“and what’s the future, who will choose it?
politics of love and music
underdogs who turn the tables”
- Dar Williams
I am already so sick of talking about this war that I could spit, yet I can’t seem to escape it. The images of crumbling buildings, sharp buckling steel, a sheet of smoke. People dangling from windows and then dropping, dark and heavy. Buildings giving up, their shoulders falling in, their knees dropping to the street, wilting. I imagine the slow, sick descent, hiding in the blackness beneath a strong oak desk, maybe living in that prison for days. Breathing in bits of powdered cement as the dogs search the thousands of tons of wreckage above.
Perhaps this is insensitive to say, but I follow the old adage that you rid yourself of something only by speaking of it. Maybe if I say it enough these images will not cut my mind so sharply. Dr. —– told me a few days ago that children and some elderly have trouble with time, so with every clip of that morning new buildings are collapsing in their understanding. But she also thinks that somewhere, on a more primitive layer, we still have the reasoning of children, and so there is a part of us that does not understand replay. I believe that. I believe somewhere a little corner of me is scared, silent with terror, convinced all the important buildings in America are dropping one by one by one.
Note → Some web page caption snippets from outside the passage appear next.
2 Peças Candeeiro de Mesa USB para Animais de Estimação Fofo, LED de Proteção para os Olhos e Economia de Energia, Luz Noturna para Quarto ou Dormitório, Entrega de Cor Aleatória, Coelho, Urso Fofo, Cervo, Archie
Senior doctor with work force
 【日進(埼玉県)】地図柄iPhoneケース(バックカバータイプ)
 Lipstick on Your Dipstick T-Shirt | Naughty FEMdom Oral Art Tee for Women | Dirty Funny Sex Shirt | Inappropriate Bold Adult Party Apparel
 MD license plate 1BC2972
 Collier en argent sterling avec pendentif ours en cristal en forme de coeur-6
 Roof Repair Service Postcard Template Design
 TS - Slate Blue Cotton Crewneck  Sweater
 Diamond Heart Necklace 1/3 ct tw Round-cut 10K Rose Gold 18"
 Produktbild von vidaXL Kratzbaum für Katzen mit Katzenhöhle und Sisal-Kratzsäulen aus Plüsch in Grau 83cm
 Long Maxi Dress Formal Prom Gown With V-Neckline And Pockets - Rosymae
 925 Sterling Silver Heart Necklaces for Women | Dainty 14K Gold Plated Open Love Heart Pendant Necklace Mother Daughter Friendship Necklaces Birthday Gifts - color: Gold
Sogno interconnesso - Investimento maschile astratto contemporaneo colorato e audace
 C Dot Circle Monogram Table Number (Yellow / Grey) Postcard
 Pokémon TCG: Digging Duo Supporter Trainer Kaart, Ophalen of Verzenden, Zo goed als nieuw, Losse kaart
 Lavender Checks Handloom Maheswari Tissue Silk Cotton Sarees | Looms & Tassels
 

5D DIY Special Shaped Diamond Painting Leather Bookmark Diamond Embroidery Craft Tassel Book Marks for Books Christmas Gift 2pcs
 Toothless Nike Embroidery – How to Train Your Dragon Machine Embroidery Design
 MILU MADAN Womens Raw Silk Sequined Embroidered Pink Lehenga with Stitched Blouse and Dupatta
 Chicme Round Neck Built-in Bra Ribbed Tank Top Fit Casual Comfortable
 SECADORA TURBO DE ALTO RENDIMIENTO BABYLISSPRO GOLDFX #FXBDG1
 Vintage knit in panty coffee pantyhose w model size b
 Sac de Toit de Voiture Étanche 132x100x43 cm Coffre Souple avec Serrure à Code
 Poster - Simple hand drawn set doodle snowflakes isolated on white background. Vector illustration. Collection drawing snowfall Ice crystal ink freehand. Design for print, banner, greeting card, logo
I wonder where my little pint of blood is now. Just one more plastic package of O+ to throw at a trauma, someone bleeding out, someone pulled up from some tangle of a burnt building. All this careful, self-important cycle from heart to lungs through limbs, all this oxygen-gathering.
Everyone screaming for a bloodbath in Afghanistan makes me very sad and very nervous. I don’t know what the answer is, and I don’t pretend to. But I wish I felt like someone is trying to make a moral decision in all of this. That someone up there in the lofty halls of government is thinking about the innocent people there too, is weighing their hearts in the balance pan. (And not finding them lighter than American hearts, any less human.)
More and more it is futile to shape this dread with words.